Your objective
Set down the full data below exactly as given, please.

==== Working data ====

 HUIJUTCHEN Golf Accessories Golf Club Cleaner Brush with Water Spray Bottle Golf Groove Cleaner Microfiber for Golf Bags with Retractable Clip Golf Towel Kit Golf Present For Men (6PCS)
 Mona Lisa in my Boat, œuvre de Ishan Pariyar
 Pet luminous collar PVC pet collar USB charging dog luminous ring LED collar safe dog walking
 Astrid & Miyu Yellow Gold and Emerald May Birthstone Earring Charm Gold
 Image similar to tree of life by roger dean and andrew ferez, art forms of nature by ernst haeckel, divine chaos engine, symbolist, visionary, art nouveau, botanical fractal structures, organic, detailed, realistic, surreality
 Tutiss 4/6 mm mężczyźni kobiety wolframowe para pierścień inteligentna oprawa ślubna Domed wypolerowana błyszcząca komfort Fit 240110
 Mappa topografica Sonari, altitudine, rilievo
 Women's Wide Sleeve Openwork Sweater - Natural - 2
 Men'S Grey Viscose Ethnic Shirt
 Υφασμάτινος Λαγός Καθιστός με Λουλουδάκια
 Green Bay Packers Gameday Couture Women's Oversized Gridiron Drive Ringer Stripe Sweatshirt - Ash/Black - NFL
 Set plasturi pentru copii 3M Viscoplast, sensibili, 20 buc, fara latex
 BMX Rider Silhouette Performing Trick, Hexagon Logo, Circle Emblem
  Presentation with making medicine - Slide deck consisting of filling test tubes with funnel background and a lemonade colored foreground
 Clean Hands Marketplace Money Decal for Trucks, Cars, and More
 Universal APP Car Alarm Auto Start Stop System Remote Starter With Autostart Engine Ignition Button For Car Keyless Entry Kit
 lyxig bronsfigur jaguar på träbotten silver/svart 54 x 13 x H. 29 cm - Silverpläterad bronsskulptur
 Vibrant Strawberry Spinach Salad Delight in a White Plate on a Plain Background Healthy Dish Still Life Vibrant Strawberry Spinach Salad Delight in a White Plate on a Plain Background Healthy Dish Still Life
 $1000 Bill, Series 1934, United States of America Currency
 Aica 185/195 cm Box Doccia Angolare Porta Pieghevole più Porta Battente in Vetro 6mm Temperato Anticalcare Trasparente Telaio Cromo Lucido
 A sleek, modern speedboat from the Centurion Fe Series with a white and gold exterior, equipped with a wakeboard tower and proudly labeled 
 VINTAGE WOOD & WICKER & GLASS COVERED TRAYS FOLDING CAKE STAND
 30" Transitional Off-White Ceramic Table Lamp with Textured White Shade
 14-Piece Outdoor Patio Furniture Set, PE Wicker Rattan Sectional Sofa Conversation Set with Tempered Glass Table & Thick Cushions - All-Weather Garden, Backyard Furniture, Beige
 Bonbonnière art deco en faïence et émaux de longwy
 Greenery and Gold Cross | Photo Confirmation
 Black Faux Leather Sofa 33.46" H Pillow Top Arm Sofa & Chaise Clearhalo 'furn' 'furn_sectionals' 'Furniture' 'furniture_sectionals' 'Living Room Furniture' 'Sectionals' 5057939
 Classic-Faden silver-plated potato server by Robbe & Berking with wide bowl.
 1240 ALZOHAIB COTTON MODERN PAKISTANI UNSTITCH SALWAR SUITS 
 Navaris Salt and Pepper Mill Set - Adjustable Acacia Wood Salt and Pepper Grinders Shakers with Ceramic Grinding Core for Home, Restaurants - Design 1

====

Task answer
 HUIJUTCHEN Golf Accessories Golf Club Cleaner Brush with Water Spray Bottle Golf Groove Cleaner Microfiber for Golf Bags with Retractable Clip Golf Towel Kit Golf Present For Men (6PCS)
 Mona Lisa in my Boat, œuvre de Ishan Pariyar
 Pet luminous collar PVC pet collar USB charging dog luminous ring LED collar safe dog walking
 Astrid & Miyu Yellow Gold and Emerald May Birthstone Earring Charm Gold
 Image similar to tree of life by roger dean and andrew ferez, art forms of nature by ernst haeckel, divine chaos engine, symbolist, visionary, art nouveau, botanical fractal structures, organic, detailed, realistic, surreality
 Tutiss 4/6 mm mężczyźni kobiety wolframowe para pierścień inteligentna oprawa ślubna Domed wypolerowana błyszcząca komfort Fit 240110
 Mappa topografica Sonari, altitudine, rilievo
 Women's Wide Sleeve Openwork Sweater - Natural - 2
 Men'S Grey Viscose Ethnic Shirt
 Υφασμάτινος Λαγός Καθιστός με Λουλουδάκια
 Green Bay Packers Gameday Couture Women's Oversized Gridiron Drive Ringer Stripe Sweatshirt - Ash/Black - NFL
 Set plasturi pentru copii 3M Viscoplast, sensibili, 20 buc, fara latex
 BMX Rider Silhouette Performing Trick, Hexagon Logo, Circle Emblem
  Presentation with making medicine - Slide deck consisting of filling test tubes with funnel background and a lemonade colored foreground
 Clean Hands Marketplace Money Decal for Trucks, Cars, and More
 Universal APP Car Alarm Auto Start Stop System Remote Starter With Autostart Engine Ignition Button For Car Keyless Entry Kit
 lyxig bronsfigur jaguar på träbotten silver/svart 54 x 13 x H. 29 cm - Silverpläterad bronsskulptur
 Vibrant Strawberry Spinach Salad Delight in a White Plate on a Plain Background Healthy Dish Still Life Vibrant Strawberry Spinach Salad Delight in a White Plate on a Plain Background Healthy Dish Still Life
 $1000 Bill, Series 1934, United States of America Currency
 Aica 185/195 cm Box Doccia Angolare Porta Pieghevole più Porta Battente in Vetro 6mm Temperato Anticalcare Trasparente Telaio Cromo Lucido
 A sleek, modern speedboat from the Centurion Fe Series with a white and gold exterior, equipped with a wakeboard tower and proudly labeled 
 VINTAGE WOOD & WICKER & GLASS COVERED TRAYS FOLDING CAKE STAND
 30" Transitional Off-White Ceramic Table Lamp with Textured White Shade
 14-Piece Outdoor Patio Furniture Set, PE Wicker Rattan Sectional Sofa Conversation Set with Tempered Glass Table & Thick Cushions - All-Weather Garden, Backyard Furniture, Beige
 Bonbonnière art deco en faïence et émaux de longwy
 Greenery and Gold Cross | Photo Confirmation
 Black Faux Leather Sofa 33.46" H Pillow Top Arm Sofa & Chaise Clearhalo 'furn' 'furn_sectionals' 'Furniture' 'furniture_sectionals' 'Living Room Furniture' 'Sectionals' 5057939
 Classic-Faden silver-plated potato server by Robbe & Berking with wide bowl.
 1240 ALZOHAIB COTTON MODERN PAKISTANI UNSTITCH SALWAR SUITS 
 Navaris Salt and Pepper Mill Set - Adjustable Acacia Wood Salt and Pepper Grinders Shakers with Ceramic Grinding Core for Home, Restaurants - Design 1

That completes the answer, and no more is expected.